<<<<

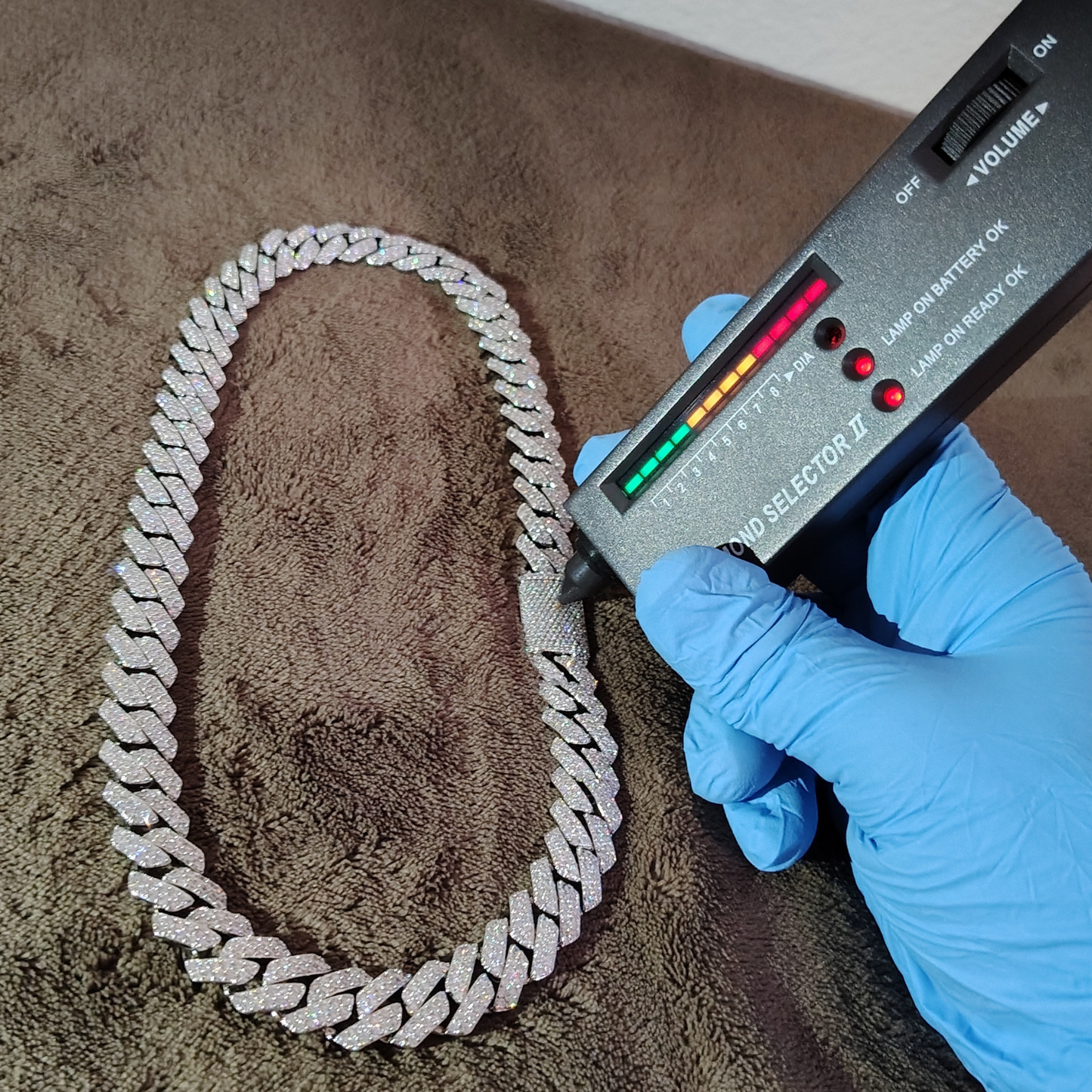 14mm Iced-Out Cuban Link Chain – VVS Moissanite | 18K White Gold | 20"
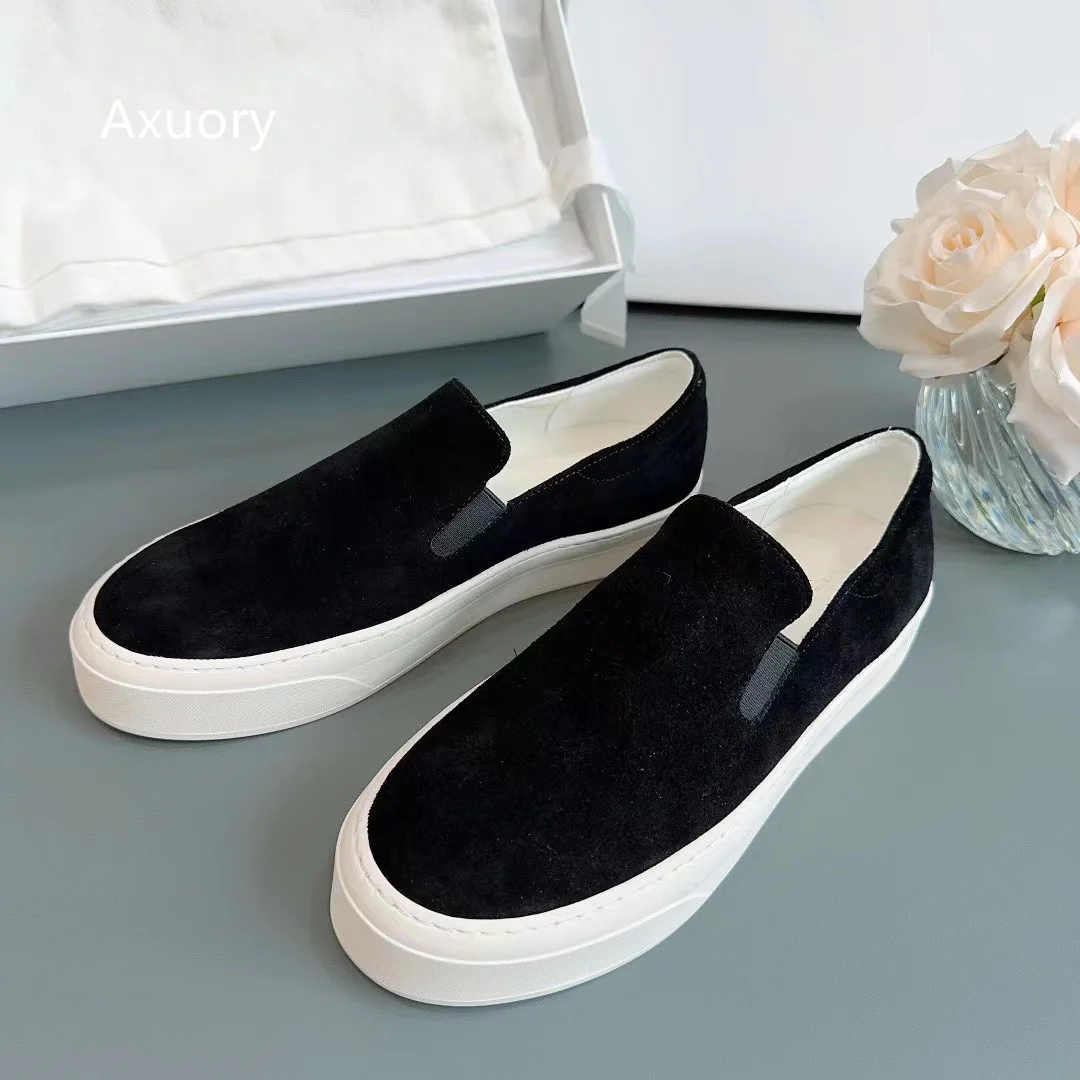 2023 Women's Flat Platform Loafer Shoe Retro Sheep Suede Material Mixed Color Thick Bottom Anti Slip
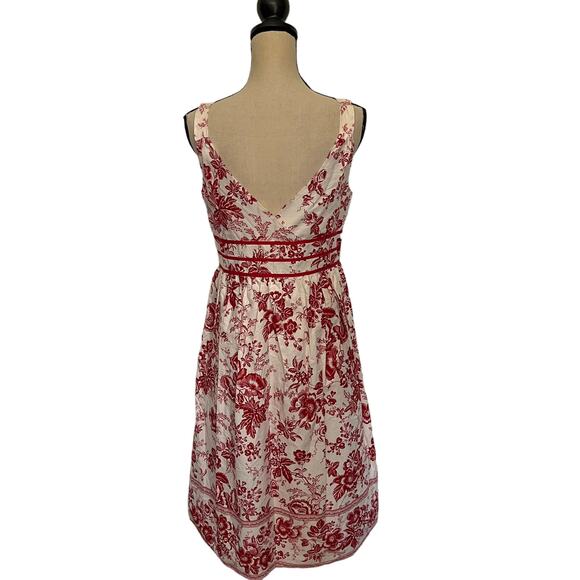 Robbie Bee Babydoll Floral Dress 8 Peasant Bow Cottage Core Peasant Red Midi Y2k - Picture 5 of 14
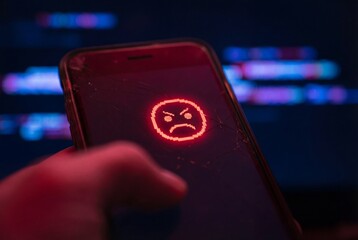 Broken smartphone screen showing glowing red angry face icon representing malware or security failure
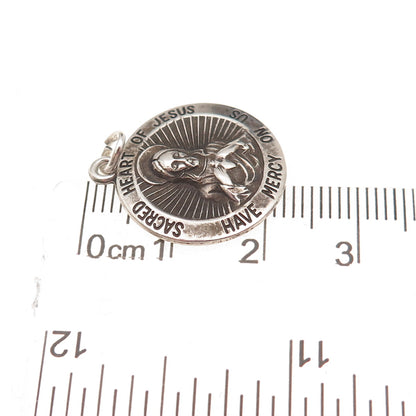 Theda 925 Sterling Silver Antique Art Deco Jesus Sacred Heart Charm Pendant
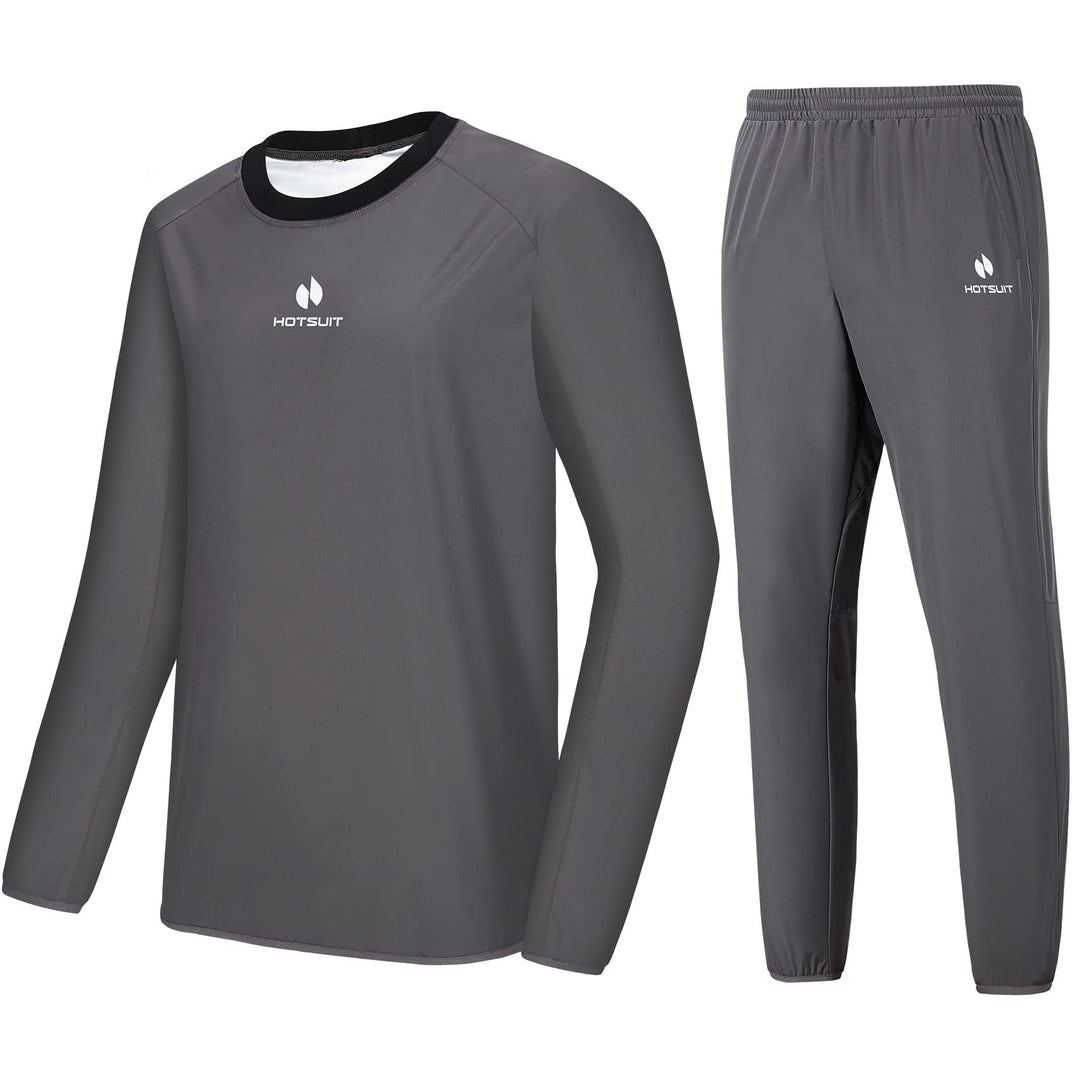 HOTSUIT Sauna Suit Men- And Womens Anti Rip Sweat Suits Gym Boxing Workout Jackets, Grey, S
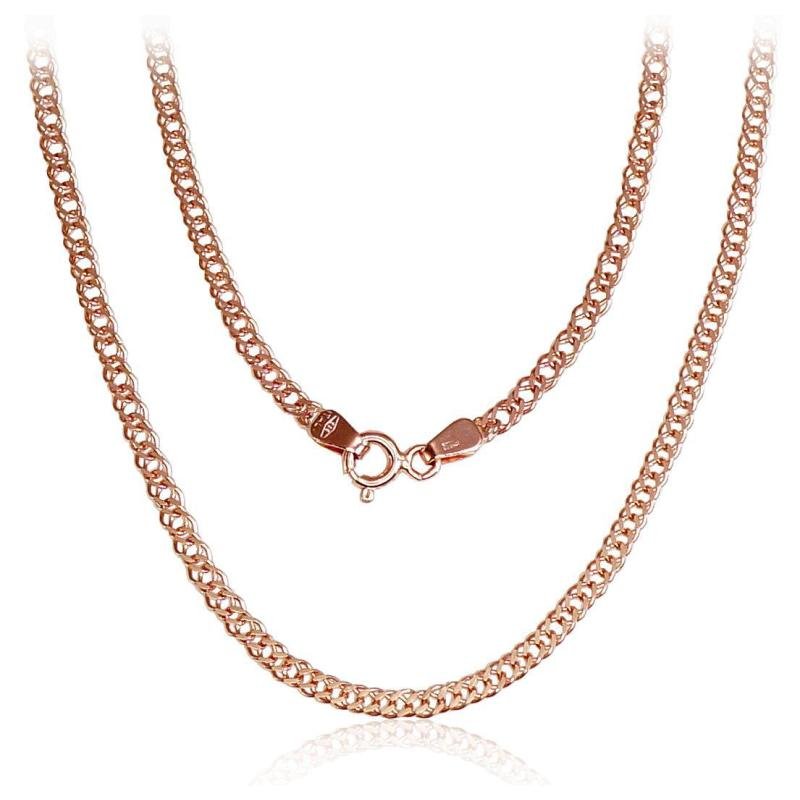 Kuldkett Double rombo 2.5 mm, kantide teemanttöötlus, Punane Kuld 585°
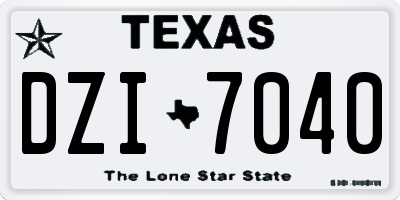 TX license plate DZI7040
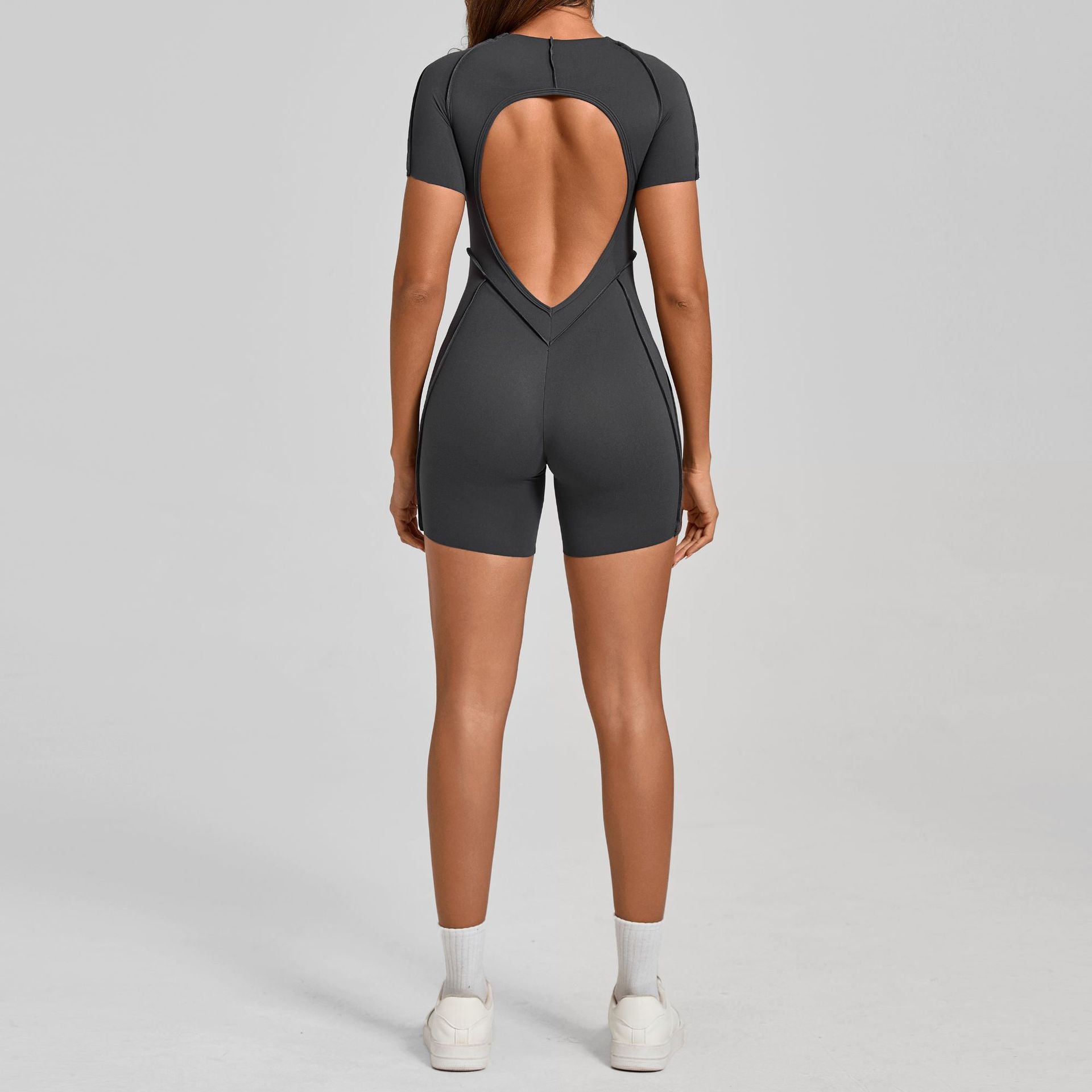 3D Panel Short Sleeve Yoga Jumpsuit Backless Tight-Fit Gym Bodysuit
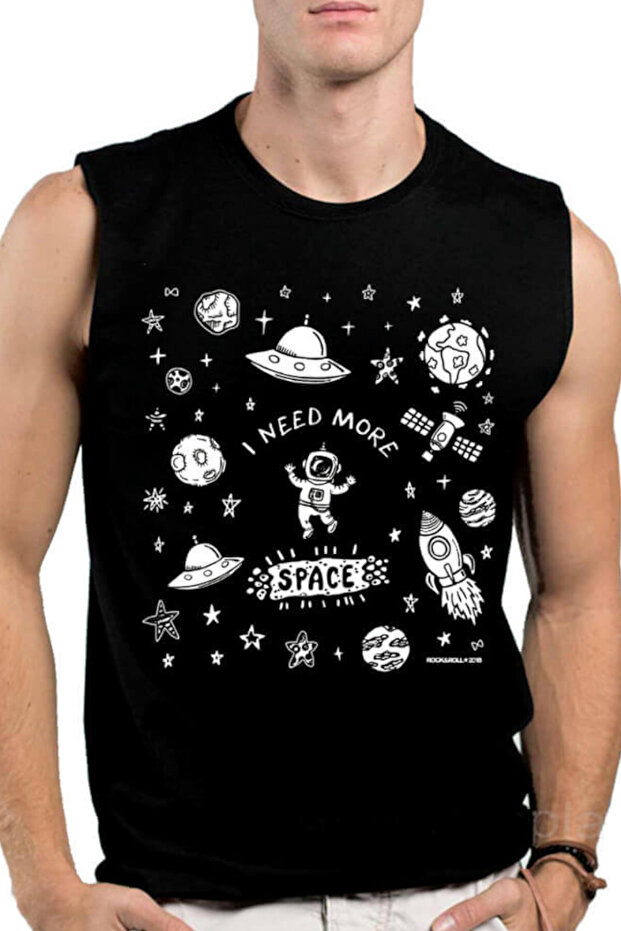 Astronaut in Space Black Cut-Out Sleeve | Sleeveless Men's T-Shirt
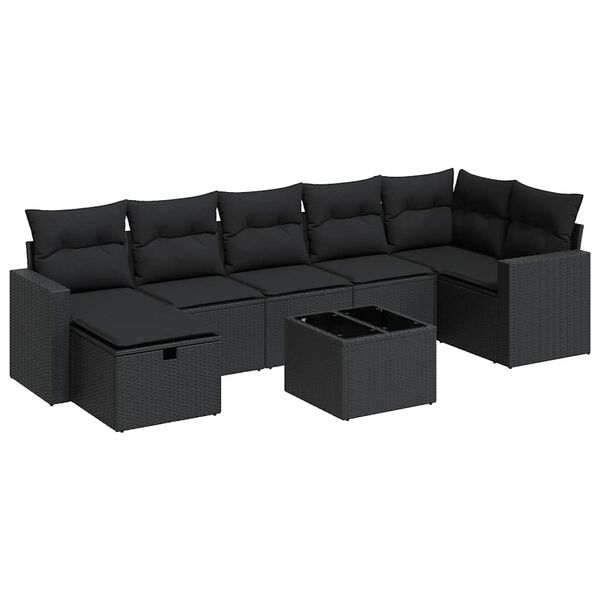vidaXL Salon de jardin 8 pcs avec coussins noir r&eacute;sine tress&eacute;e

>>>>

▶ [Work required]:
Only the pictures are to be left out; repeat everything else in the records above exactly.

▶ [The answer]:
 14mm Iced-Out Cuban Link Chain – VVS Moissanite | 18K White Gold | 20"
 2023 Women's Flat Platform Loafer Shoe Retro Sheep Suede Material Mixed Color Thick Bottom Anti Slip
 Robbie Bee Babydoll Floral Dress 8 Peasant Bow Cottage Core Peasant Red Midi Y2k - Picture 5 of 14
 Broken smartphone screen showing glowing red angry face icon representing malware or security failure
 Theda 925 Sterling Silver Antique Art Deco Jesus Sacred Heart Charm Pendant
 HOTSUIT Sauna Suit Men- And Womens Anti Rip Sweat Suits Gym Boxing Workout Jackets, Grey, S
 Kuldkett Double rombo 2.5 mm, kantide teemanttöötlus, Punane Kuld 585°
 TX license plate DZI7040
 3D Panel Short Sleeve Yoga Jumpsuit Backless Tight-Fit Gym Bodysuit
 Astronaut in Space Black Cut-Out Sleeve | Sleeveless Men's T-Shirt
vidaXL Salon de jardin 8 pcs avec coussins noir r&eacute;sine tress&eacute;e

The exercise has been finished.